## Task goal
Transcribe the records below exactly, from their first line through the line containing "Thanksgiving Pilgrim and". Omit every line after it.
(Material to process Opens)
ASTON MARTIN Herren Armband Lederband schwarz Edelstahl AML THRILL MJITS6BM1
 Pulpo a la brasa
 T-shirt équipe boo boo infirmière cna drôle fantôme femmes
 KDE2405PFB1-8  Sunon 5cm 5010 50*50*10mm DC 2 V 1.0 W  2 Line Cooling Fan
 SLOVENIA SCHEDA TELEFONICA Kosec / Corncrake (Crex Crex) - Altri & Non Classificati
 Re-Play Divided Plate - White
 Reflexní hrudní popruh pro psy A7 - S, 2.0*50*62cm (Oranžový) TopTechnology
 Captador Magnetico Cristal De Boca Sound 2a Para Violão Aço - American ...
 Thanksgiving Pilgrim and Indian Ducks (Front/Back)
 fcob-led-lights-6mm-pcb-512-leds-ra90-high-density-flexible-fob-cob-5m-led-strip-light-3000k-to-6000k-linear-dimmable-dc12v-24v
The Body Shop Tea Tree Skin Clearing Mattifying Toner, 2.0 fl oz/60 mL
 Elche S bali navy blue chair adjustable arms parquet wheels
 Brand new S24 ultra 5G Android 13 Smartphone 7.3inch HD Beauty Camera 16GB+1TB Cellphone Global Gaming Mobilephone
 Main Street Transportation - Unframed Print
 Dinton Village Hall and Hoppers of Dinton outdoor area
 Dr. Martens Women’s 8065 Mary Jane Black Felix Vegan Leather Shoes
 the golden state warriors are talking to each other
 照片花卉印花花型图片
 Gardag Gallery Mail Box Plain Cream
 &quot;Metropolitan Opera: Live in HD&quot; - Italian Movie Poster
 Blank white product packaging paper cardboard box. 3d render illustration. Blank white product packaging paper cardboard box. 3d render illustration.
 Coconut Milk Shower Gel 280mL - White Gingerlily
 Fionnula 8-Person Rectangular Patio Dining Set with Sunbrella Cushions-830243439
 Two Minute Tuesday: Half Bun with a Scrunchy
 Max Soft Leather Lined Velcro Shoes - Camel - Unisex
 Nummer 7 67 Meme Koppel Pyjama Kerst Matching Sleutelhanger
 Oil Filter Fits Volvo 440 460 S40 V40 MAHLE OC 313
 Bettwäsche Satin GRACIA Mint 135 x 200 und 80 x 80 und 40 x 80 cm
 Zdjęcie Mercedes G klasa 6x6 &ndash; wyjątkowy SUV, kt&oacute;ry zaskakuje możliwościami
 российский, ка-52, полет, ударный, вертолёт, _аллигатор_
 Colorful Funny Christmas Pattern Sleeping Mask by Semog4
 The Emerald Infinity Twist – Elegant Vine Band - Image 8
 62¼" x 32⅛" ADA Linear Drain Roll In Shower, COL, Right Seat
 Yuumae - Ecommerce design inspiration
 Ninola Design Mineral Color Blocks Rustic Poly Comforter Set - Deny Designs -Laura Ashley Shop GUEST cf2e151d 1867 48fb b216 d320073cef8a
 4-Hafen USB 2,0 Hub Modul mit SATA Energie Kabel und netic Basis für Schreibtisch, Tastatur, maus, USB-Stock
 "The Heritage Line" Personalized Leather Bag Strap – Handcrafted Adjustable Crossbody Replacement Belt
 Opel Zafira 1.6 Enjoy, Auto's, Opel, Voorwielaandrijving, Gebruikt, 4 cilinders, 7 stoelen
(Material to process Closes)
## Exercise output
ASTON MARTIN Herren Armband Lederband schwarz Edelstahl AML THRILL MJITS6BM1
 Pulpo a la brasa
 T-shirt équipe boo boo infirmière cna drôle fantôme femmes
 KDE2405PFB1-8  Sunon 5cm 5010 50*50*10mm DC 2 V 1.0 W  2 Line Cooling Fan
 SLOVENIA SCHEDA TELEFONICA Kosec / Corncrake (Crex Crex) - Altri & Non Classificati
 Re-Play Divided Plate - White
 Reflexní hrudní popruh pro psy A7 - S, 2.0*50*62cm (Oranžový) TopTechnology
 Captador Magnetico Cristal De Boca Sound 2a Para Violão Aço - American ...
 Thanksgiving Pilgrim and Indian Ducks (Front/Back)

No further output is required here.